Analytical reasoning questions may seem impossible to answer until you learn how to apply a strategic approach. With practice, determining the game type, developing a game board, and evaluating the various conditions will become almost second nature. You may eventually find these questions to be almost easy!
Stay calm and focused — remember, you can do these!
Work one problem at a time; work the whole problem, and then move on to the next one.
Read the facts carefully. Determine whether you’re working an ordering game or a grouping game.
Create a game board with a list of game pieces, box chart, and record of the rules in shorthand.
Expand the game board by making connections between the rules and creating possible orders or assignments.
Almost always, the first question in the set simply involves an application of the rules. So if you’re having trouble expanding your game board, tackle the first question to help you focus.

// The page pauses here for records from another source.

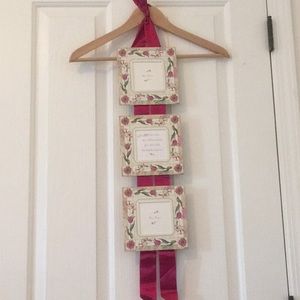 Vintage Avon Versatile Ribbon Frame Set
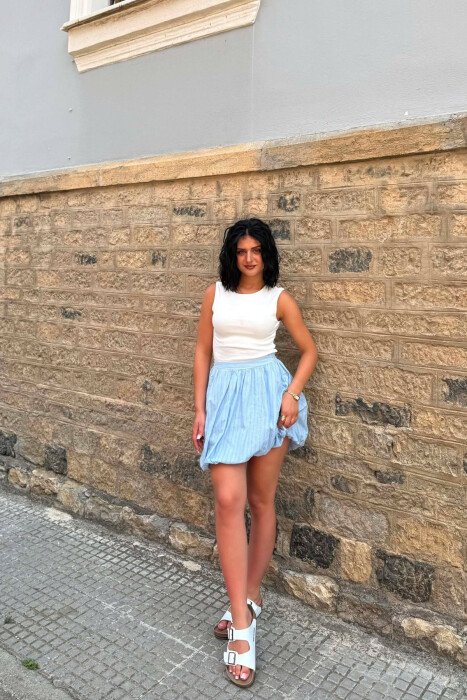 FUND I SHKURTËR ME VIJA PËR FEMRA NË NGJYRËN BLU E ZBARDHUR - KLAUDIO FASHION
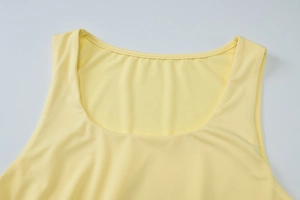 Dettaglio dello scollo a U e delle cuciture su un top estivo giallo senza maniche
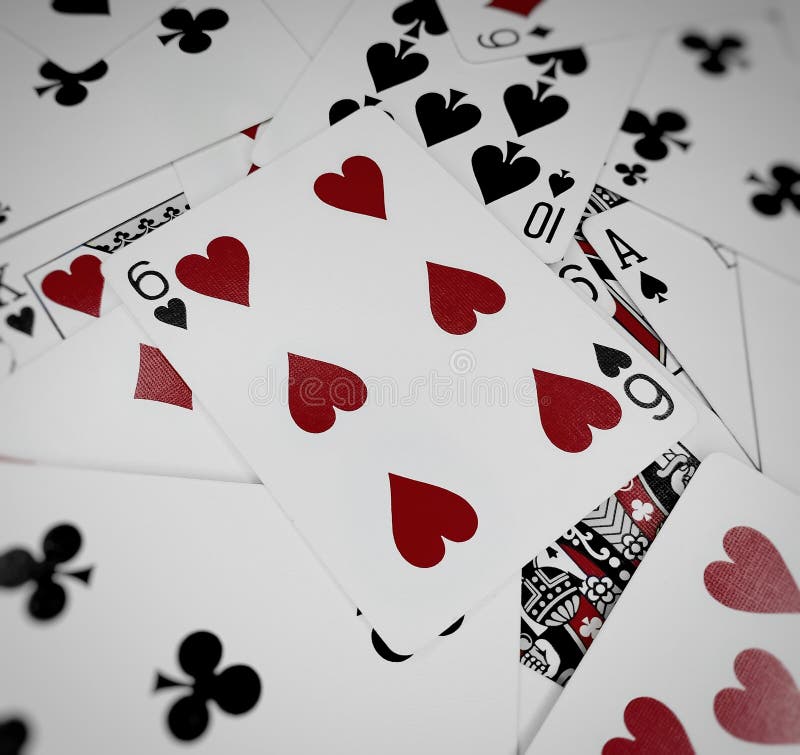 69,300+ Hearts Playing Card Stock Photos, Pictures & Royalty-Free Images -  iStock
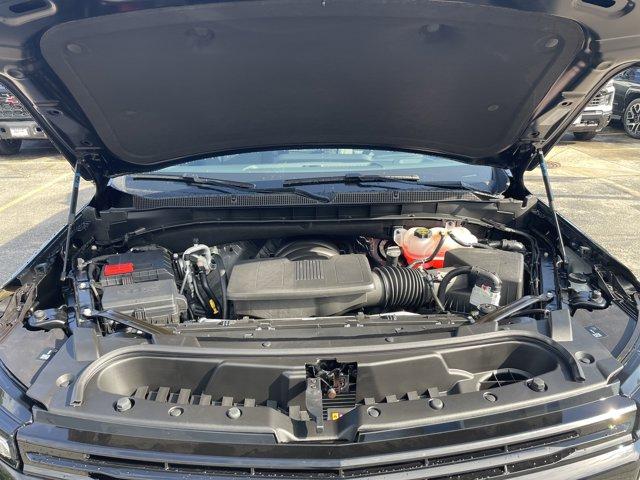 new 2025 Chevrolet Suburban car, priced at $77,725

Read the questions carefully. Note whether your answer could be true, must be true, could be false, or must be false.
Check all answers and rely on the process of elimination.
For answers that must be true, eliminate answer choices that either must be false or could be false.
For answers that must be false, eliminate answer choices that either must be true or could be true.
For answers that are possible or true, eliminate answers that must be false.
For answers that are possible or false, eliminate answers that must be true.
If a question seems difficult at first, try another in the same section. Solving some questions in the set may help you answer others in the set.
When you finish one problem, forget it, and clear your brain for the next one.